Frédéric Mas : Les Républicains semblent encore avoir du mal à se remettre du choc de l’élection présidentielle, et partent aux élections européennes sur la défensive plus qu’en position de reconquête. En choisissant FX Bellamy comme tête de liste, le centre-droit rassure la fraction la plus conservatrice de son électorat au détriment des segments plus populaire et plus centriste. C’est la fraction politique la plus fidèle au sein de sa coalition électorale, et par conséquent la moins susceptible de suivre Marine Le Pen ou Emmanuel Macron.

Face aux Gilets jaunes, la droite joue aujourd’hui la partition conservatrice, après avoir espéré voir dans le mouvement une jacquerie anti-fiscale et anti-macron. Hier, Laurent Wauquiez portait un gilet jaune, aujourd’hui, LR joue la carte de l’autorité : on pense par exemple à la proposition de loi du député Arnaud Viala, qui vise à suspendre le RSA pour les personnes impliquées dans les dégradations des Gilets jaunes.

LR semble avoir totalement abandonné, du moins face à l’échéance européenne, l’idée de reprendre du terrain face à LREM. Ils semblent plus soucieux de reconquérir l’électorat qui est aujourd’hui séduit par le national-populisme du Rassemblement national.
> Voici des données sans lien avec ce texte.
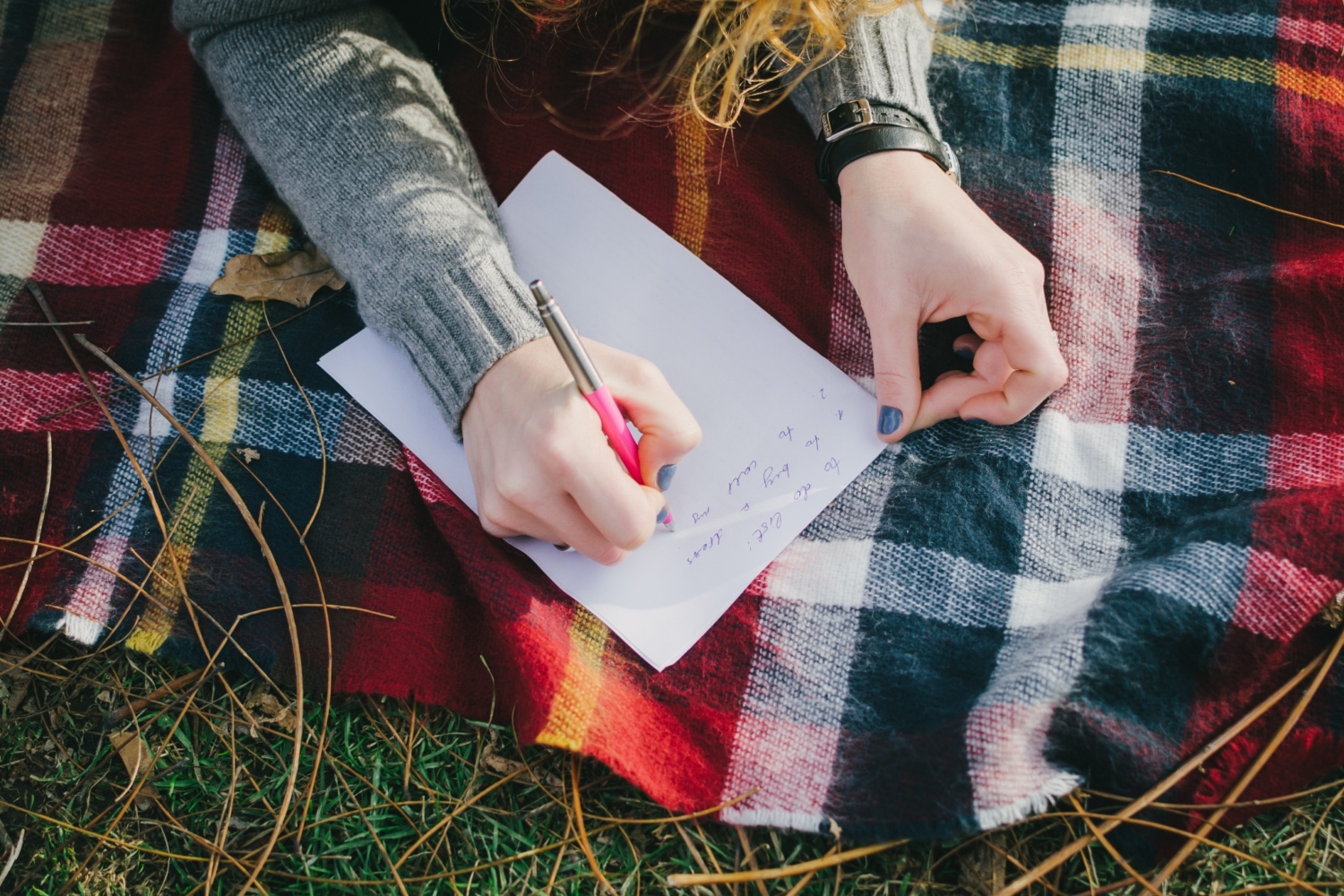 A person journaling outdoors while laying on a tartan blanket to reflect during Beltane.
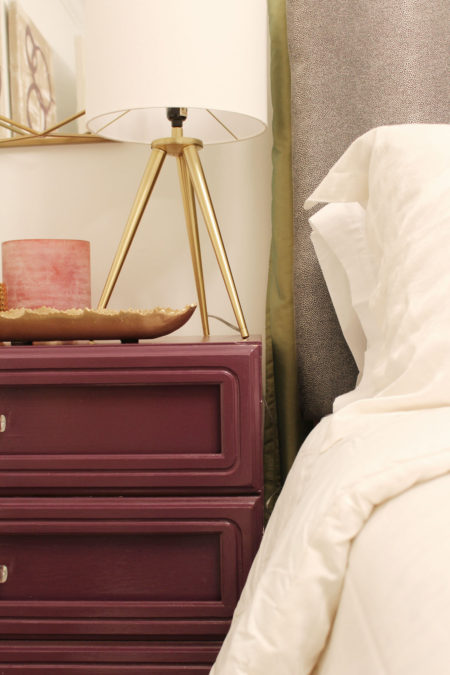 purple dresser and gold geometric mirror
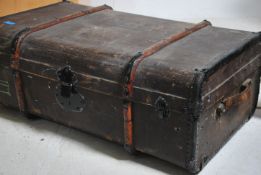 A vintage cased Steamer trunk being canvas and woo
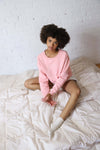 Pink crewneck sweater with a drop shoulder and pink embroidered 'Veins Avec Moi' design on the front.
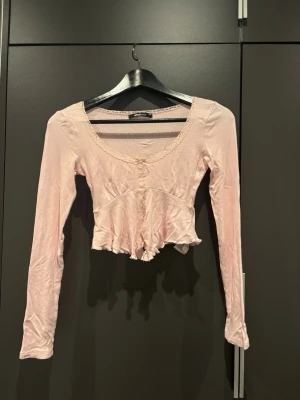 Ljusrosa topp med volang - Söt rosa topp från Gina Tricot med lång ärm och volangkant nedtill. Toppen har en liten rosettdetalj framtill och en djup rundad urringning med skuren slits vid magen. Aldrig använd men lite skrynklig pga legat länge. 
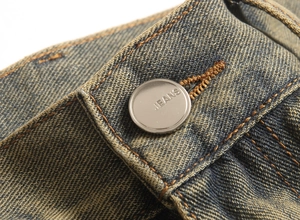Close-up of vintage slim fit jeans with silver button detail and yellow stitching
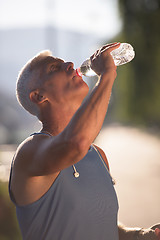 Image showing senior jogging man drinking fresh water from bottle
Sa défense de l’identité nationale, son discours sécuritaire et son peu de réaction face aux atteintes aux libertés publiques (loi anti-fake news, taxe sur les GAFA) laisse à la formation présidentielle le monopole du discours réformiste, ou du moins ce qu’il en reste.

Samuel Pruvot : Reprendre du terrain sur LREM, cela n’est pas certain. Le travail de François-Xavier Bellamy me fait penser à celui d’un cultivateur. Il sème dans l’espoir d’une moisson abondante. Mais la moisson ne sera pas immédiate comme s’il suffisait de tirer sur les épis. Bellamy sème aujourd’hui son blé d’hiver. Contrairement au PS qui semble totalement dépourvu face aux mutations dramatiques du continent, le logiciel de Bellamy semble plus adapté au nouveau climat européen. Face notamment aux migrants ou à la quête d’identité. Cette stratégie que vous qualifiez d’identitaire est peut-être tout simplement une stratégie de survie. Elle peut trouver un écho dans l’inconscient de bon nombre de Français. Chez tous ceux qui s’effraient du déclassement de la France et qui redoutent le syndrome de la Grèce. On ne passe pas de Périclès à Tsipras sans broncher.

Dans une interview publiée ce dimanche dans Le Parisien François Hollande déclare que face à la marginalisation de l'extrême gauche et l'attente de justice mise-en-lumière par la crise des Gilets Jaunes, une reconquète des électeurs de la gauche est possible. Alors que le PS a été très largement absent de la crise des Gilets Jaunes et qu'il fait lsite commune avec Place Publique pour les élections européenne, une telle pensée est-elle réaliste ? 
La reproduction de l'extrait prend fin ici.